Unfortunately, these layers are not enough. We want each user to have their own personal bucket, but also to be able to dynamically create buckets for projects:
- We could attempt to achieve this using roles and groups in
keycloak
, but this would lead to an explosion of roles, and would make managing other, more basic roles hard to manage. - Kubernetes service accounts don't help here, because the issue is not about managing kubernetes resources.
- We do not want to create GCP service accounts or identities for each end user and manage their permissions dynamically. This would lead to an explosion of service accounts / identities, would make our GCP project harder to manage, and would even further tie us to one specific cloud provider. (While it's not our goal to be cloud agnostic, we do not want to make it unnecessarily difficult to migrate to another cloud like Azure, AWS, Digital Ocean, etc.)
We will build a new application to add to our cluster. This new application will be a web server that manages authorized access to the GCS storage. Other applications in the cluster will interact with storage through this application.
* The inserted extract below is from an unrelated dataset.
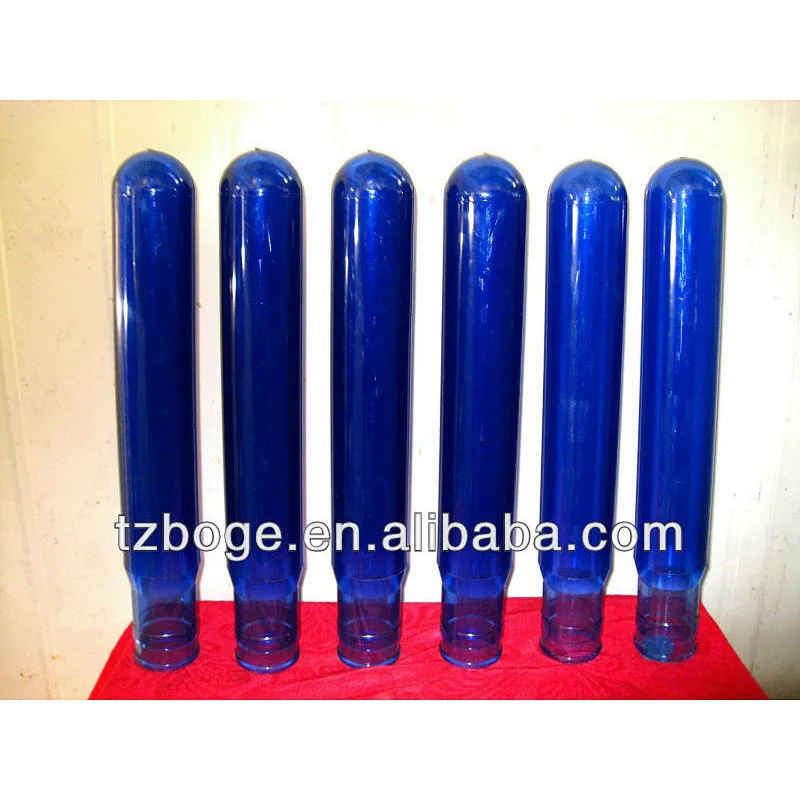 high quality PET bottle tank preform injection mould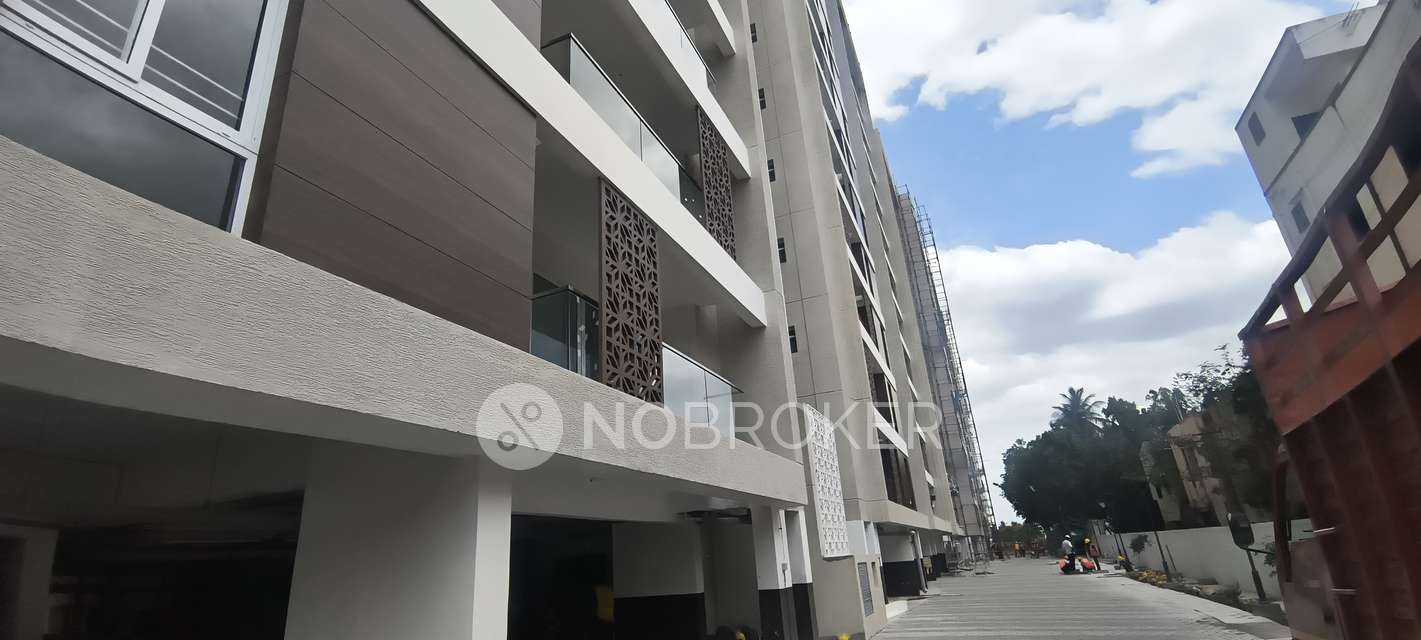 3 BHK Flat In Purva Somerset House For Sale  In Guindy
Authentication and high-level authorization will still be managed by keycloak and keycloak-gateway, but fine-grained access control to individual GCS resources will be managed by this application's (postgresql) database.
I will need to:
- Create a docker image with rust and other prerequisites installed.
- Write a web server that uses actix_web for handling http requests, diesel for handling postgresql data, and cloud-storage for handling objects stored in gcp.
- Create a general ops flow for building and deploying this web app as a docker image to artifact registry
- Create a general ops flow for migrating the database, doing backup, etc.
- Create the required kubernetes manifests for deploying the web app to my cluster.
- Configure keycloak to treat my web app as another openid connect client. Run gatekeeper as a sidecar to my web app.
- From within the web app, fetch information like the user id in order to authorize requests to objects in the GCS buckets.
I can use the track app as inspiration. It implements several of the items above without very much additional cruft. Obviously the specific migrations, APIs, and code in the project is not quite correct, but generally speaking it is a similar kind of application.
This step seems like it may be significantly more difficult / time consuming than setting up other parts of osai-kube, but having shared object storage seems like a good (and necessary) thing.